Strategy Pattern

One behavioural design pattern that makes it possible to choose an algorithm's behaviour at runtime is the Strategy pattern. In the context of a particular operation, this pattern specifies a family of algorithms, encapsulates them as distinct classes, and allows for their interchangeability. When there are several algorithms that can be used for a given task, the Strategy pattern helps since it enables the system to select the best one dynamically without changing the clients that use it.

Current Problem

Various algorithms or techniques are employed in several software systems to accomplish certain tasks. When these algorithms are implemented directly in a class, the resulting code may become complex and rigid, making it challenging to maintain and expand. The system's flexibility and scalability are also diminished by hardcoding these methods, which makes it difficult to switch between them at runtime depending on various conditions.

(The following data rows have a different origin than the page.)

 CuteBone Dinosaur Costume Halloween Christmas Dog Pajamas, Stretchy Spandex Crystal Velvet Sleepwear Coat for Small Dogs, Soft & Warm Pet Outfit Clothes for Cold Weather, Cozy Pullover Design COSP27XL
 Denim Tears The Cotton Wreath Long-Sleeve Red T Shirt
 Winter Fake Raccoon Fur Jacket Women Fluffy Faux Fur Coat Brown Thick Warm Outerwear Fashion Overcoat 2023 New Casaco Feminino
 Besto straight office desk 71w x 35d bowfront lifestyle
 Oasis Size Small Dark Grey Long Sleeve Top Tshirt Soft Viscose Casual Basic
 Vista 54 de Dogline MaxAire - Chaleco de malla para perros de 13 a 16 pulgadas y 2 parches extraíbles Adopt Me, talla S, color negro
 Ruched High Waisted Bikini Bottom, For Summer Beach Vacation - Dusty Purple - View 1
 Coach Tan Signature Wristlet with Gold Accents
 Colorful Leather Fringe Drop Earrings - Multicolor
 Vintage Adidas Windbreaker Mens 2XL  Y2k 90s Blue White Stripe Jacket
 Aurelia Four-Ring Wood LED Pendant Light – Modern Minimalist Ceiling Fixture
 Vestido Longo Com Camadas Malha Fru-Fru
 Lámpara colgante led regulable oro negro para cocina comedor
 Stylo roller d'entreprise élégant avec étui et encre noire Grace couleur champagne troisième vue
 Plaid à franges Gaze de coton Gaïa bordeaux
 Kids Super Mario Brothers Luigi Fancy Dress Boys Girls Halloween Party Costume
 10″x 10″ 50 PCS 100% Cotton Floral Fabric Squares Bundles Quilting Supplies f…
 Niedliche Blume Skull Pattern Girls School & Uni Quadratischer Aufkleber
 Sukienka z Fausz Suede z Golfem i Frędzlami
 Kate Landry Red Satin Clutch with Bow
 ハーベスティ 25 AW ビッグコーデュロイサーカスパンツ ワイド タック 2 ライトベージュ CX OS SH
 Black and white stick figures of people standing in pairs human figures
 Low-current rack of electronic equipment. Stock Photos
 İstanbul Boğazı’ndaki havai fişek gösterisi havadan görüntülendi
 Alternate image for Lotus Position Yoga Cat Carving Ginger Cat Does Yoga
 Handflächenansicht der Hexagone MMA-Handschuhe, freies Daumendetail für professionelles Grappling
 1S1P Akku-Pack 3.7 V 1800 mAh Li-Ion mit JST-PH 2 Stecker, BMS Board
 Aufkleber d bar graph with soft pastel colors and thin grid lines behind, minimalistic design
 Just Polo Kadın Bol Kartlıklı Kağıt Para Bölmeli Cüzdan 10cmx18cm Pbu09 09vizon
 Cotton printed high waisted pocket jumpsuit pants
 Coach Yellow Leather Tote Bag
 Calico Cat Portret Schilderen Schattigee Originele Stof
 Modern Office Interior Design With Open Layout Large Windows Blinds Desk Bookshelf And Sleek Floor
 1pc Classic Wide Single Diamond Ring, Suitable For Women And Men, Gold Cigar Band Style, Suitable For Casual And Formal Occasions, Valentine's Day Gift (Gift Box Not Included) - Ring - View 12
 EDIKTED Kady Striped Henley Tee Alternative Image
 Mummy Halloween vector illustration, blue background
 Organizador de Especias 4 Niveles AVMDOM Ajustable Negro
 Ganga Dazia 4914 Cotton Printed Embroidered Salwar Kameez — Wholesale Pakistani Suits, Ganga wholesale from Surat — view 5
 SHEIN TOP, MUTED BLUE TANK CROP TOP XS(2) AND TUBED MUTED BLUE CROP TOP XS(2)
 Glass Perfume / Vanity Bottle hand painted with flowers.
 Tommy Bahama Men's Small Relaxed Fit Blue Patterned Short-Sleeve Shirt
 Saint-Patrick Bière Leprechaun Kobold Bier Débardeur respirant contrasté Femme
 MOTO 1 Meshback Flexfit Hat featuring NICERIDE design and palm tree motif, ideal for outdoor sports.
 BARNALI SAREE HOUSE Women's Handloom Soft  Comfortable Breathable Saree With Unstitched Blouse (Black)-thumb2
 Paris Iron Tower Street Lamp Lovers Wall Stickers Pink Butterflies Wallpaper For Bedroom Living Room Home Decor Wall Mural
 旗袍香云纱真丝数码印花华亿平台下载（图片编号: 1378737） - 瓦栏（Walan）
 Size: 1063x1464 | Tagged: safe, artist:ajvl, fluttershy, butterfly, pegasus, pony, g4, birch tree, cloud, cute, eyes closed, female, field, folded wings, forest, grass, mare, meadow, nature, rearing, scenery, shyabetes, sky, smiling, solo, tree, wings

Solution through Strategy Pattern

By designing a family of algorithms and enclosing each one in a distinct strategy class, the Strategy pattern solves these problems. One of these strategy classes is assigned the particular duty by the context class. By encouraging the Open/Closed Principle, this method makes it possible to introduce new algorithms without changing the old code. Additionally, it improves flexibility and scalability by enabling runtime selection and modification of algorithms.

Real-World Applications

Consider a payment processing system where different payment methods (e.g., credit card, PayPal, bank transfer) can be used.

1. Multiple Algorithms: Different payment methods are implemented as separate strategy classes.
2. Encapsulation: Each payment method is encapsulated, allowing the payment processing system to choose among them dynamically.
3. Flexibility: New payment methods can be added without changing the existing payment processing system.

Structure

The Strategy pattern typically includes the following components:

1. Strategy: Declares an interface common to all supported algorithms.
2. ConcreteStrategy: Implements the algorithm using the Strategy interface.
3. Context: Maintains a reference to a Strategy object and delegates the algorithm to the current strategy.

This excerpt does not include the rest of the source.